**DATA RECORDS**
=== Begin Enclosure ===

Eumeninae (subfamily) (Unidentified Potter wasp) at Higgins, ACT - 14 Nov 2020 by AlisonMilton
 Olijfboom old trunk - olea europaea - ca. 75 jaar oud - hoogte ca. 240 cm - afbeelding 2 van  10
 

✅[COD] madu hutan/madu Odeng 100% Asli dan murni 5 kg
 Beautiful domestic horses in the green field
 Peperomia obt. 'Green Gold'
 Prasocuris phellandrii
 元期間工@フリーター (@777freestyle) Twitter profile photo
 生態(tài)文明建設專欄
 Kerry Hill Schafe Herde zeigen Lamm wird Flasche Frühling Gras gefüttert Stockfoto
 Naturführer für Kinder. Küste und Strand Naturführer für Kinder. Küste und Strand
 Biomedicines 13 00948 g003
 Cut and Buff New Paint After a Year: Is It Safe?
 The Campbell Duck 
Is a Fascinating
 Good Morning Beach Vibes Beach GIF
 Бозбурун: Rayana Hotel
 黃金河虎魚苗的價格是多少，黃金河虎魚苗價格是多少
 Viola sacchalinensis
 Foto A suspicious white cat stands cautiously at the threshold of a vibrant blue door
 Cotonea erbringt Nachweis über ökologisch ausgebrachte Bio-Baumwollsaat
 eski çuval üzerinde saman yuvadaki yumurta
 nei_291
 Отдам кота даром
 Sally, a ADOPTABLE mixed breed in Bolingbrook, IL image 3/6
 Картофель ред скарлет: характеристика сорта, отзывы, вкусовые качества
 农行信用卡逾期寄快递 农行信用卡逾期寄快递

=== End Enclosure ===

**WORK ORDER**
Return, unchanged, the run of lines above that opens with the line containing "Naturführer für Kinder. Küste und Strand Naturführer" and closes with the line containing "Отдам кота даром". Include both.

**THE ANSWER**
 Naturführer für Kinder. Küste und Strand Naturführer für Kinder. Küste und Strand
 Biomedicines 13 00948 g003
 Cut and Buff New Paint After a Year: Is It Safe?
 The Campbell Duck 
Is a Fascinating
 Good Morning Beach Vibes Beach GIF
 Бозбурун: Rayana Hotel
 黃金河虎魚苗的價格是多少，黃金河虎魚苗價格是多少
 Viola sacchalinensis
 Foto A suspicious white cat stands cautiously at the threshold of a vibrant blue door
 Cotonea erbringt Nachweis über ökologisch ausgebrachte Bio-Baumwollsaat
 eski çuval üzerinde saman yuvadaki yumurta
 nei_291
 Отдам кота даром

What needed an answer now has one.